Cosmo is obviously a dreamy store, and their guitar tech’s are outstanding. But I will never buy anything but strings and parts from them after they burned me at a time when $900 was astronomical to me.

As for Covid shipping.
I ordered a bunch of amp parts from Amplified Parts in Tempe Arizona through Fed ex. They were on my door step within 18 hours. Shipped a set of transformers from Barrie to Mouser in Mansfield Texas through UPS. Arrived in 48 hours.

I shipped an entire drum set to Halifax from Barrie through Fed Ex.. arrived in 48 hours..

sent a speaker to Montreal through UPS.. 22 hours.

ordered a set of tubes from the tube store 2 years ago through Canada post... 9 days later they made it from Hamilton to Barrie.

ordered a pedal from Welland Ontario through Canada Post 17 days to Barrie..

Covid or not, Canada Post is the absolutely last resort if you intend on receiving or sending something with any expectation of expediency.

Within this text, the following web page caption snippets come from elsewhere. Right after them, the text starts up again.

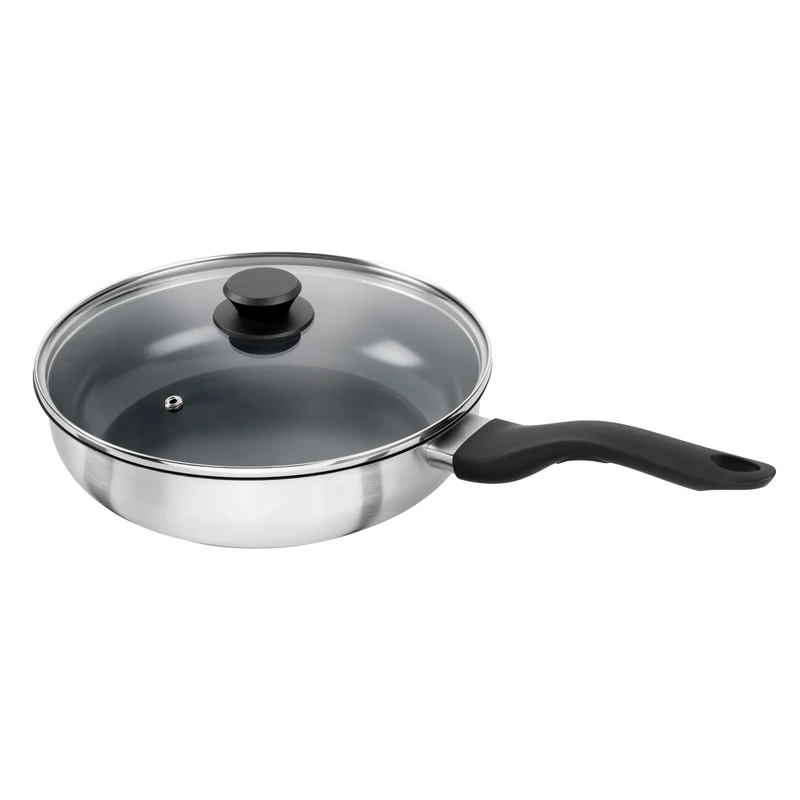 HENCKELS by ZWILLING Stream 28 cm Sauté Pan with Lid with Non-Stick Ceramic Coating Suitable for Induction Cookers, Silver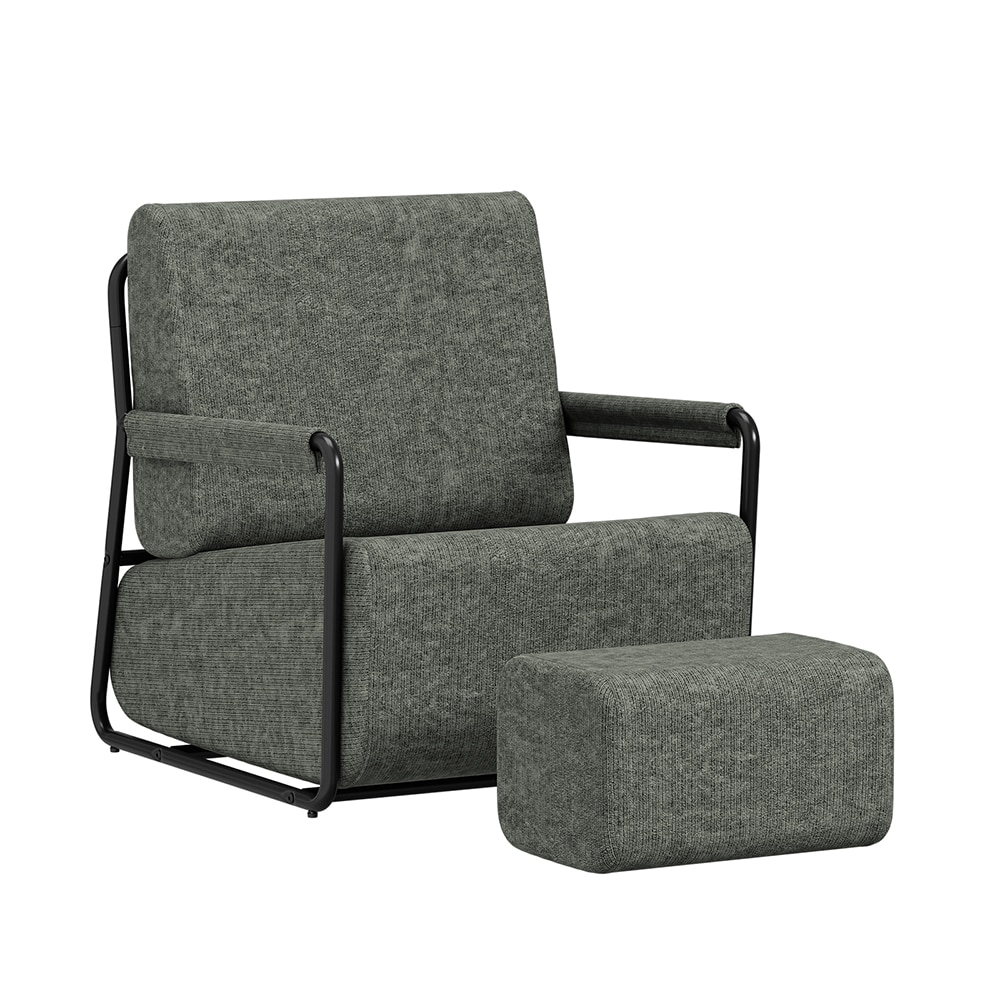 SoBuy Sessel, Lesesessel, Armlehnstuhl mit Hocker Dunkelgrau 74x67x78cm Modern 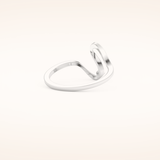 0.020 TCW Round Shaped Moissanite Curved Wedding Band
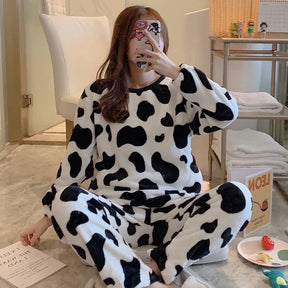 White Cow Print Fleece Casual Wear Set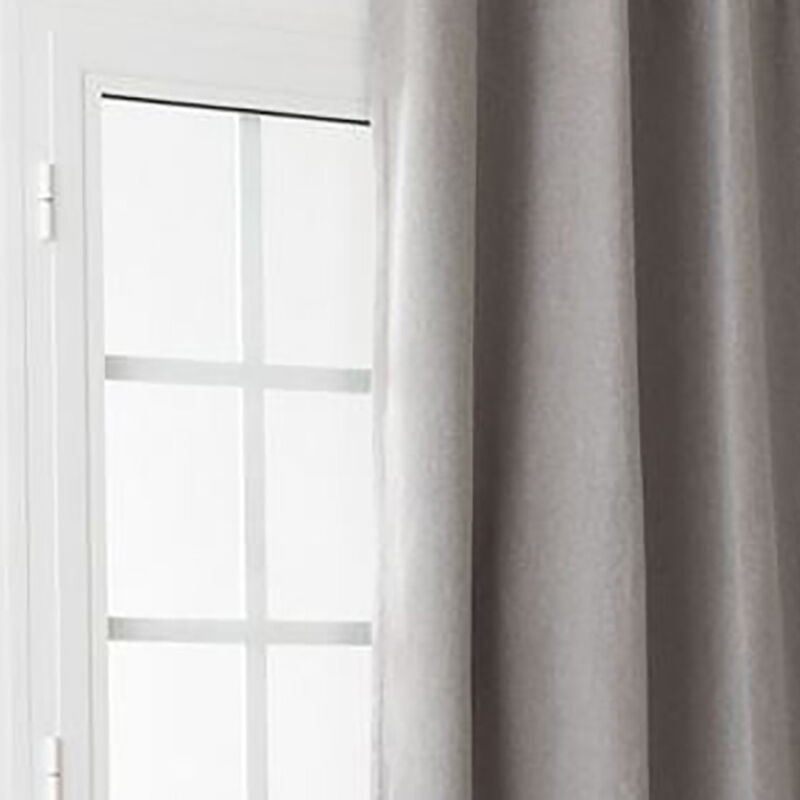 Homemaison - Rideau obscurcissant et isolant à galon fronceur Argent 140x260 cm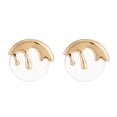 thumbnail image 1 of Regalo de aretes de oro para mujer - Aretes grandes con personalidad chapados en oro, aretes hipoalergénicos para orejas sensibles, 1 of 5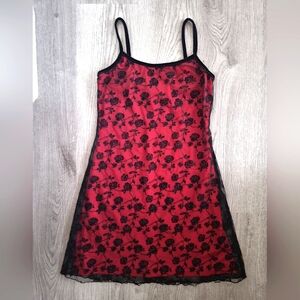 90s red and black lace mini dress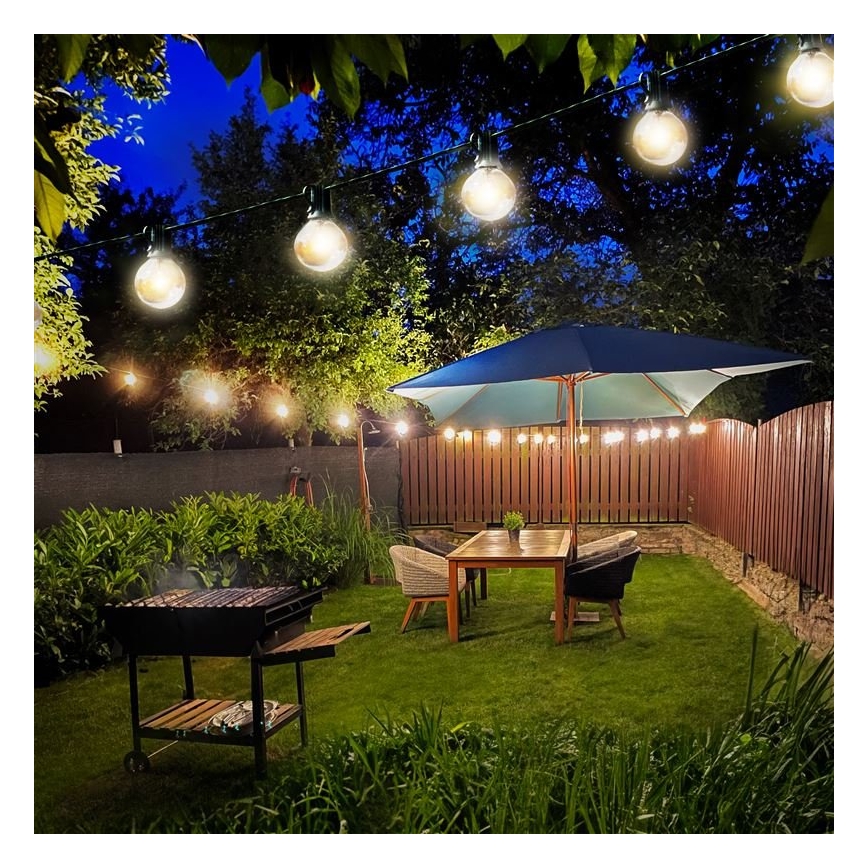 LED dekorativ utomhusslinga GARLAND 25xE12 20m IP44 varm vit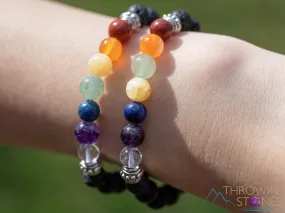 CHAKRA & LAVA ROCK Crystal Bracelet - Round Beads - Aromatherapy Diffuser Bracelet, Beaded Bracelet, Handmade Jewelry, E1968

if you are buying something on reverb, message the seller first and then maybe even call them on the phone and get a feel for how much they appreciate your business. And if you are looking for it to arrive before you die, ask that they ship through UPS or Fed Ex. Those business don’t believe in Covid.


----------



## Powdered Toast Man (Apr 6, 2006)

Always12AM said:


> The first thing I bought from Cosmo was a $900 microphone. I took it home, it sounded like shit. I went back 4 days later and they denied my return or exchange request.
> 
> I have since spent about 25k at L&M
> 
> ...


A month ago I bought a set of speakers on Reverb for $300. FedEx delivered them about a week later. About another week after delivery I received a bill in the mail from FedEx for another $82 most of which is their brokerage and clearance fees. 

The most Canada Post has ever collected from me on delivery was the sales tax. 

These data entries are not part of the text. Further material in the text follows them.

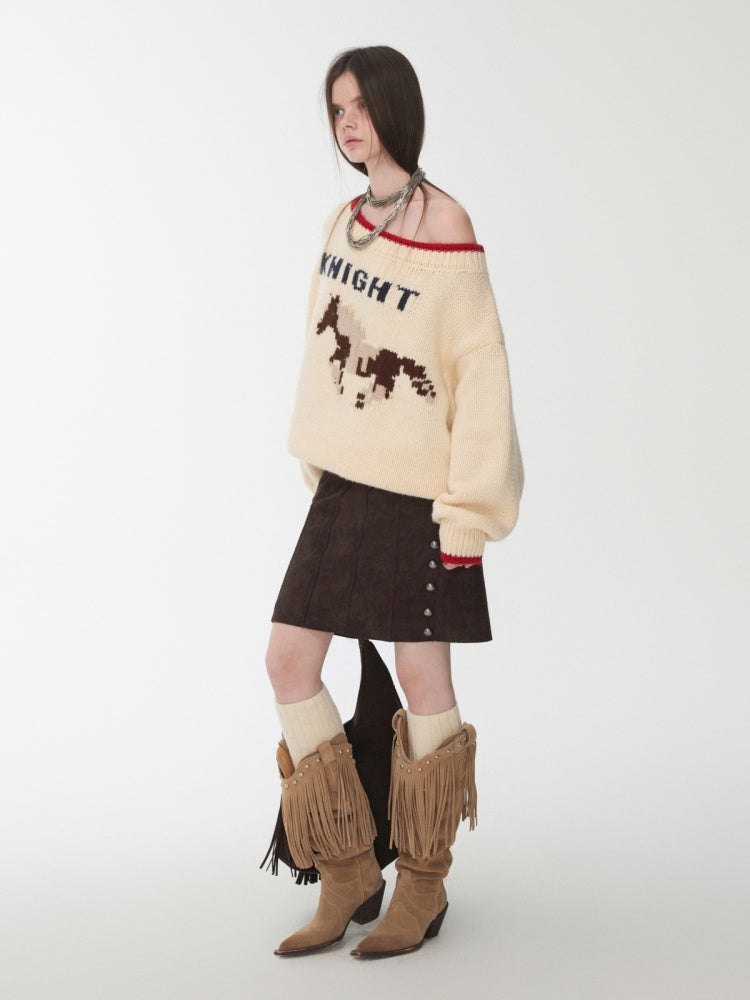 Fair Isle Iceland Wool Jacquard Slanted Shoulder Rough Big Sweater Loose Lazy Knitwear【s0000014596】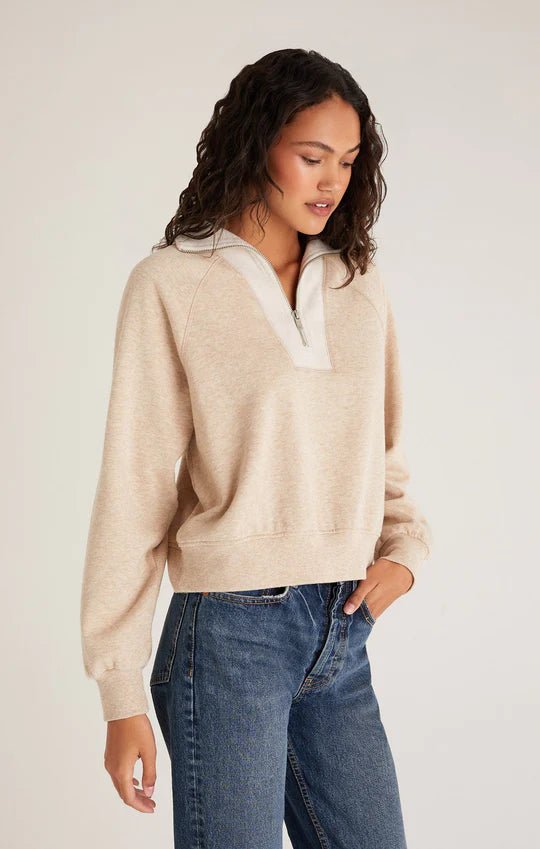 Z Supply Emery Contrast Quarter ZipSweatshirt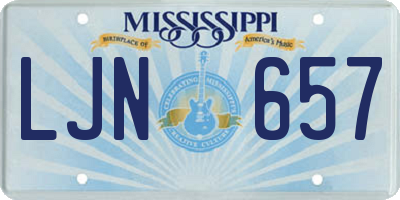 MS license plate LJN657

So the private couriers may be faster but boy do you pay for it.


----------



## ZeroGravity (Mar 25, 2016)

Powdered Toast Man said:


> A month ago I bought a set of speakers on Reverb for $300. FedEx delivered them about a week later. About another week after delivery I received a bill in the mail from FedEx for another $82 most of which is their brokerage and clearance fees.
> 
> The most Canada Post has ever collected from me on delivery was the sales tax.
> 
> So the private couriers may be faster but boy do you pay for it.


Canada Post clearance is a flat fee, 10 or 12 bucks regardless of value then any tax+duty. Couriers charge a % or fee + %. Usually this is built into the shipping cost for air freight but not ground shipping and UPS is the absolute worst for hitting you with fees. It's OK for small items that aren't too expensive to come air, but big items that have to come ground you always check before.


----------



## PBGas (Jan 14, 2017)

Always12AM said:


> The first thing I bought from Cosmo was a $900 microphone. I took it home, it sounded like shit. I went back 4 days later and they denied my return or exchange request.
> 
> I have since spent about 25k at L&M
> 
> ...


Could not have put this any better! I won’t buy a pick from Cosmo if I don’t have to. The people that work there are fairly decent. I’ve dealt with both Cindy and Rob in the past as well as one of the other gents. Nice folks. The owners are how do I say this nicely....well...I just won’t. I realize that they are in business to make money. When you don’t follow your own policy and basically tell the customer to take a hike, well you won’t have a return customer. 
Like you I had the same issue with returning something that was not right. They gave me a hard time as well and this was before the 30 or 45 day policy they have. They just didn’t want it back yet it was fully within their return policy. Ridiculous.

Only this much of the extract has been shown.